Records supplied:
....
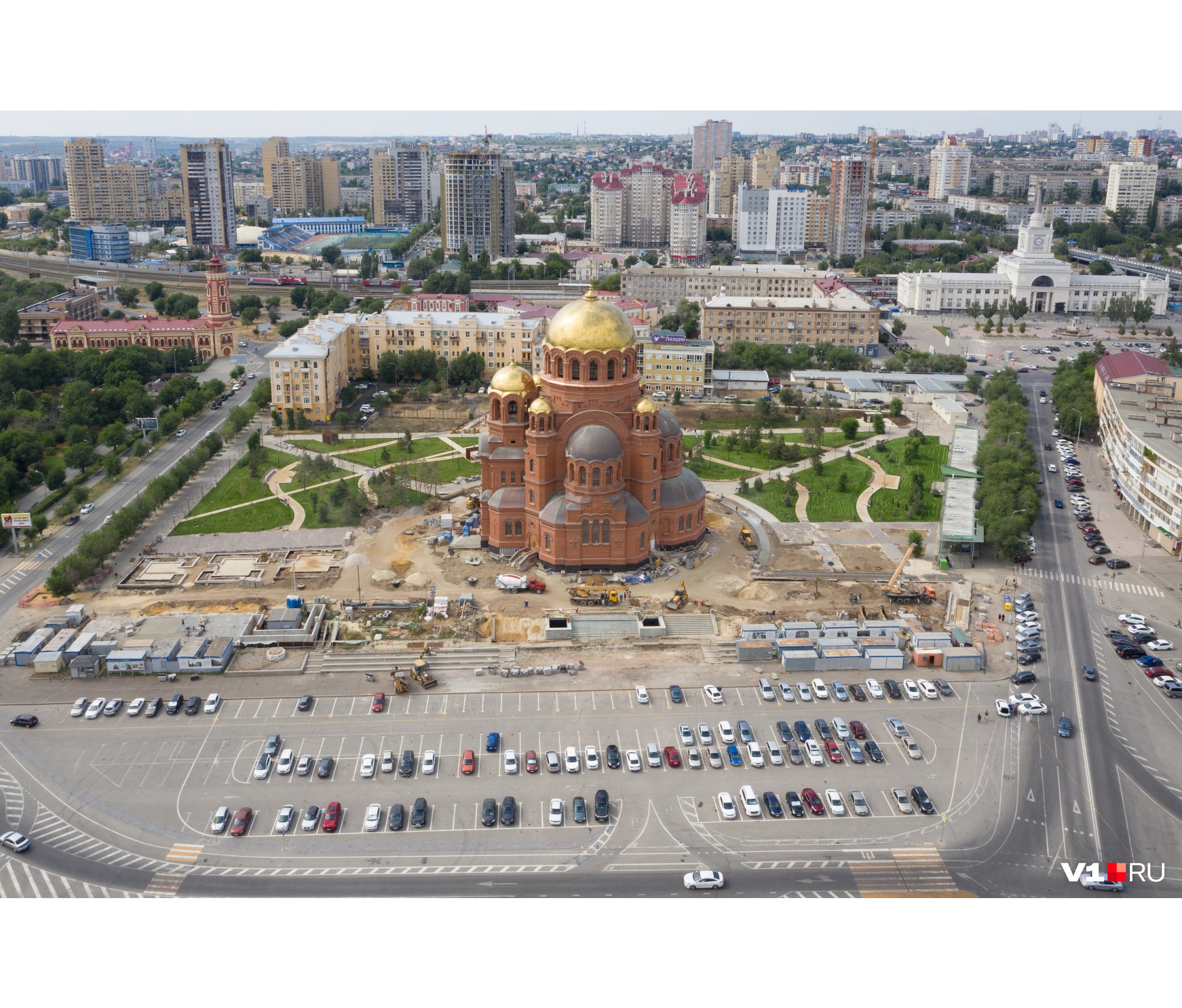 Парковки на площади в ближайшем будущем не будет Парковки на площади в ближайшем будущем не будет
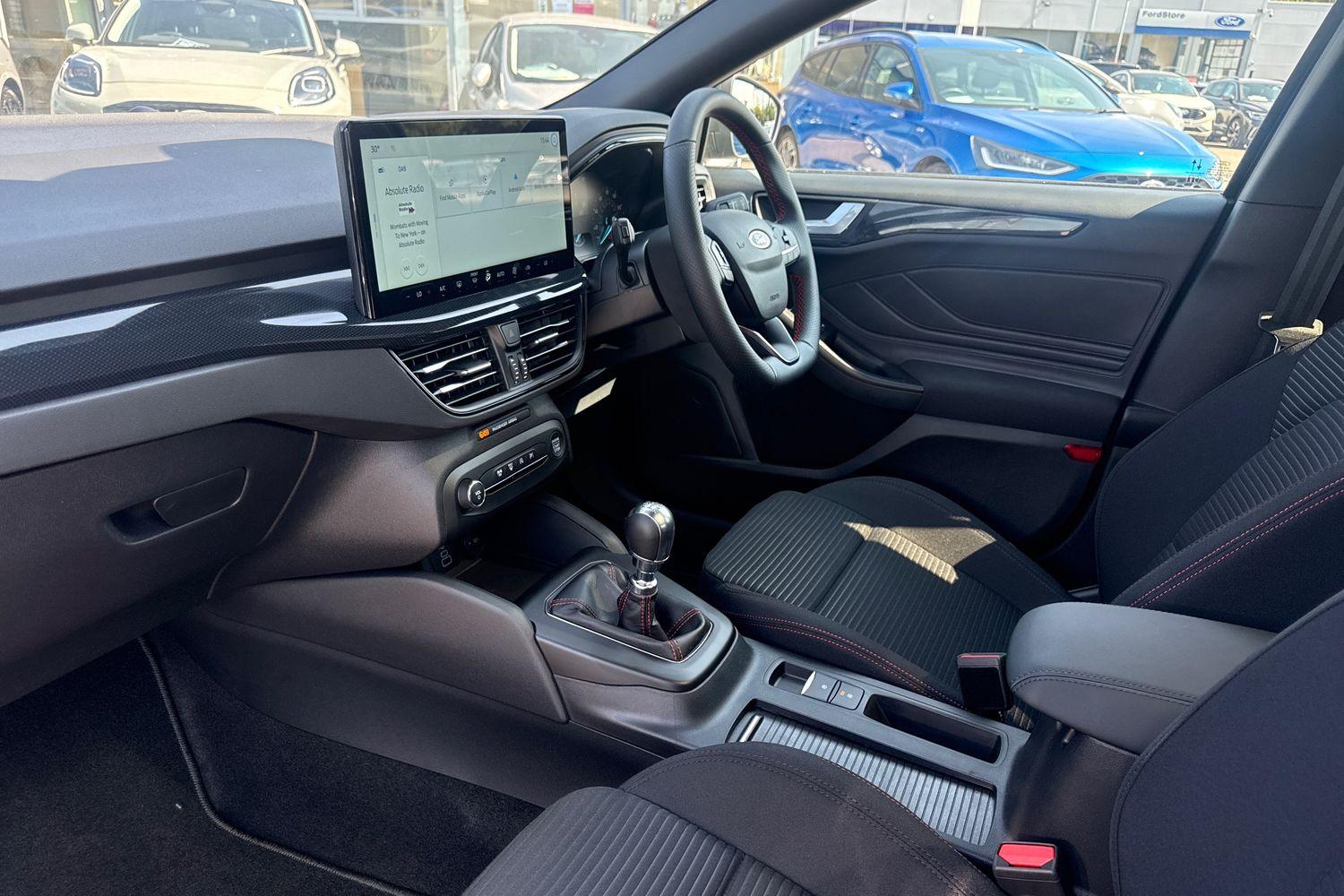 Ford FOCUS Photo 17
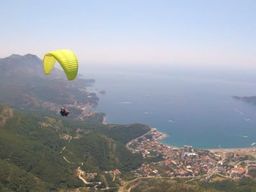 Vol en parapente en tandem au-dessus de la vieille ville de Budva, Monténégro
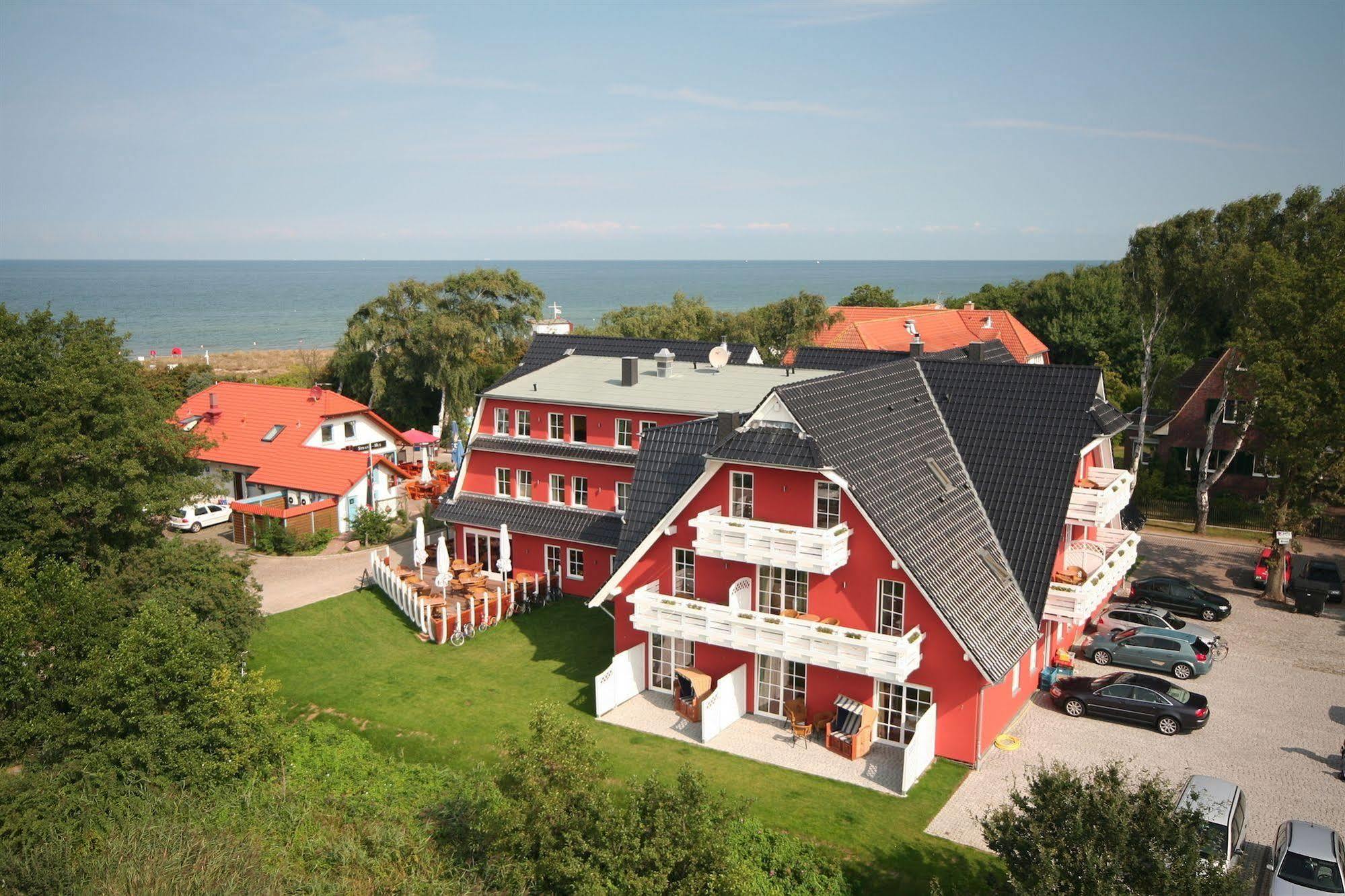 Strandhotel Deichgraf Graal-Mueritz Exteriör bild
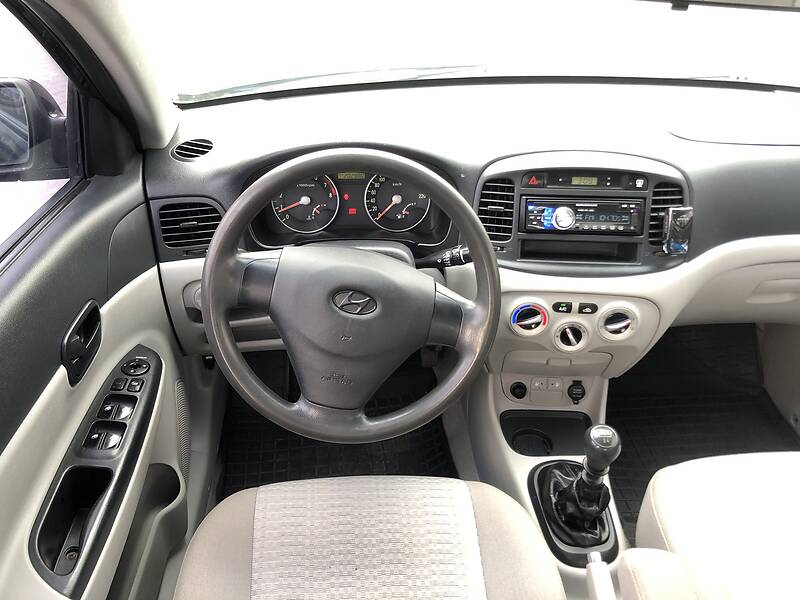 Седан Hyundai Accent 2008 в Львове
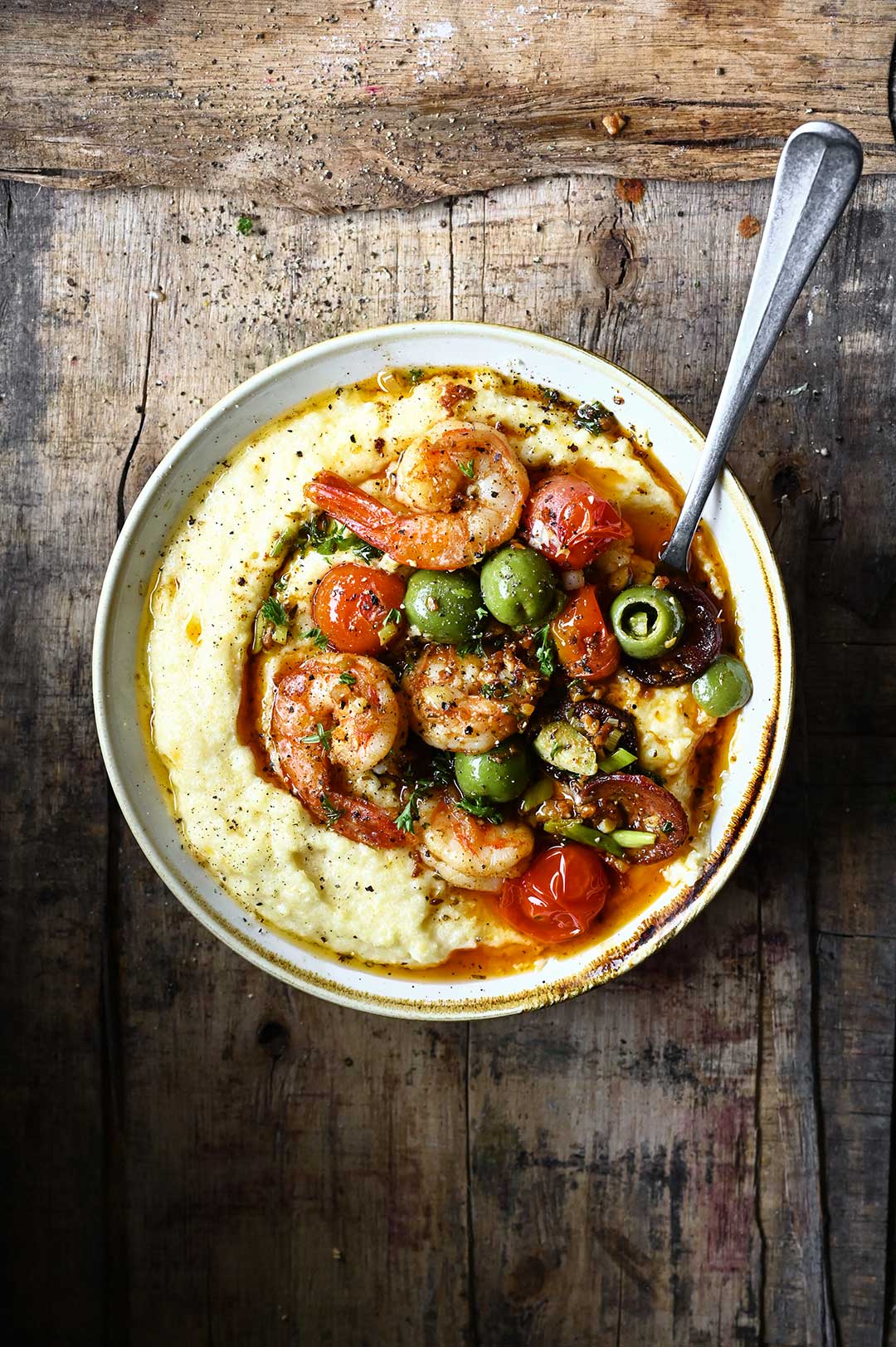 Romige polenta met scampi's en chorizo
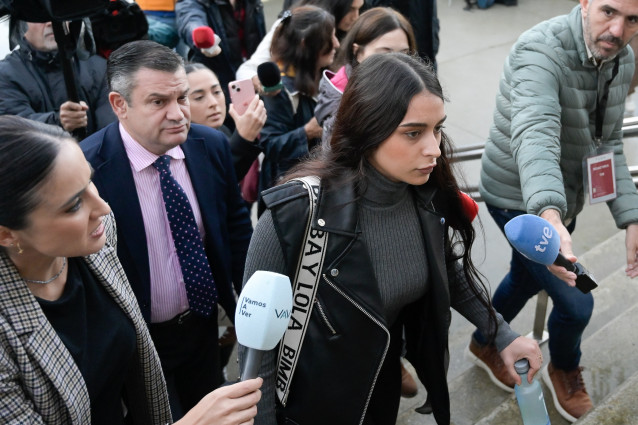 Catherine S.B., acusada por la paliza mortal a Samuel Luiz a su llegada a la Audiencia de A Coruña en una de las jornadas del juicio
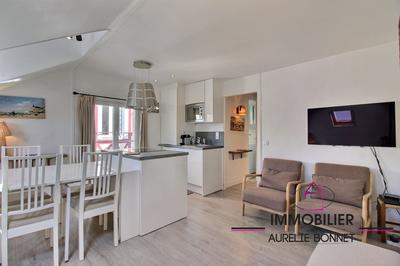 Duplex - 57 m² - 4 pièces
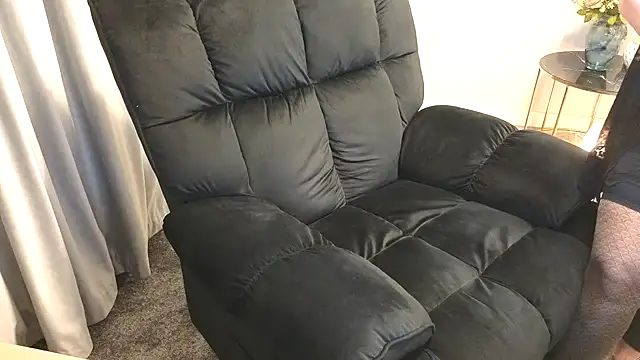 Snapshot of maggiemilff chatting on 03/13/25, 05:33 maggiemilff online show from 03/13/25, 05:33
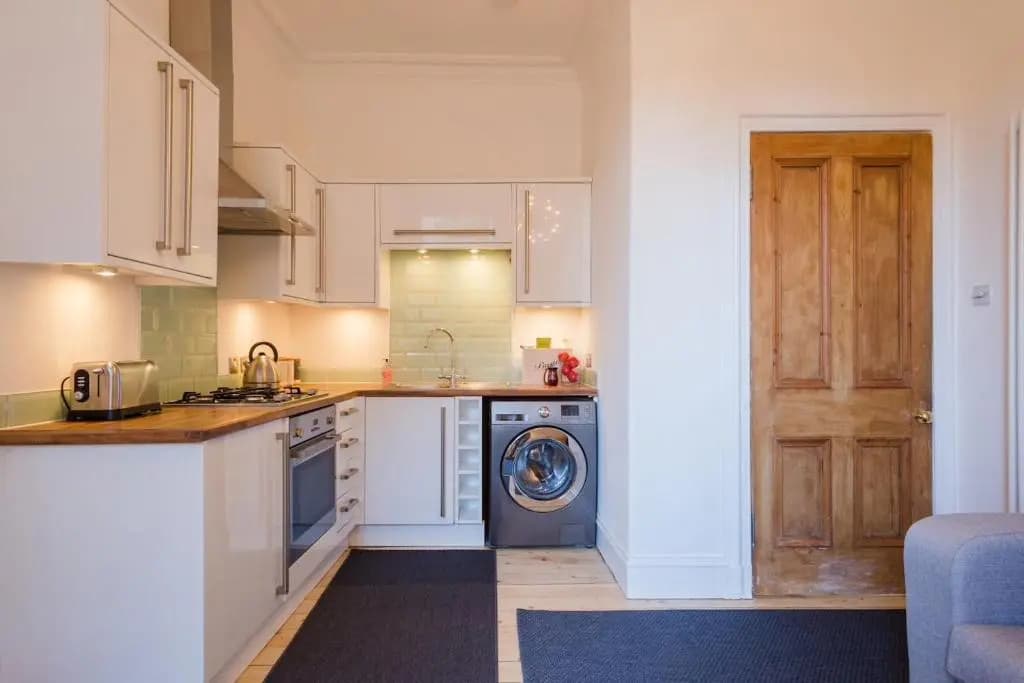 Historic Edinburgh 1890s Home Turned Relaxing Retreat - photo 10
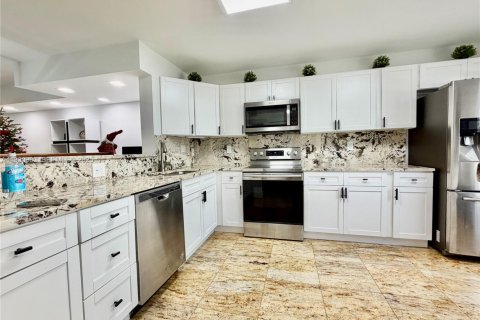 Touwnhouse à vendre à Hallandale Beach, Floride: 3 chambres, 167.6 m2 № 2089140 - photo 7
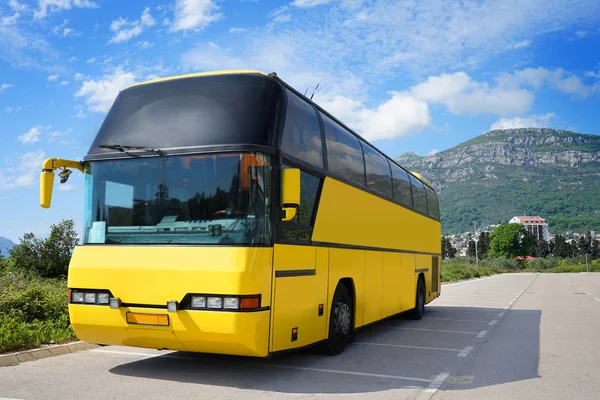Turist otobüsü Park üzerinde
....
Try it:
After removing the pictures, set down every record above exactly as it stands.

Solution below:
 Парковки на площади в ближайшем будущем не будет Парковки на площади в ближайшем будущем не будет
 Ford FOCUS Photo 17
 Vol en parapente en tandem au-dessus de la vieille ville de Budva, Monténégro
 Strandhotel Deichgraf Graal-Mueritz Exteriör bild
 Седан Hyundai Accent 2008 в Львове
 Romige polenta met scampi's en chorizo
 Catherine S.B., acusada por la paliza mortal a Samuel Luiz a su llegada a la Audiencia de A Coruña en una de las jornadas del juicio
 Duplex - 57 m² - 4 pièces
 Snapshot of maggiemilff chatting on 03/13/25, 05:33 maggiemilff online show from 03/13/25, 05:33
 Historic Edinburgh 1890s Home Turned Relaxing Retreat - photo 10
 Touwnhouse à vendre à Hallandale Beach, Floride: 3 chambres, 167.6 m2 № 2089140 - photo 7
Turist otobüsü Park üzerinde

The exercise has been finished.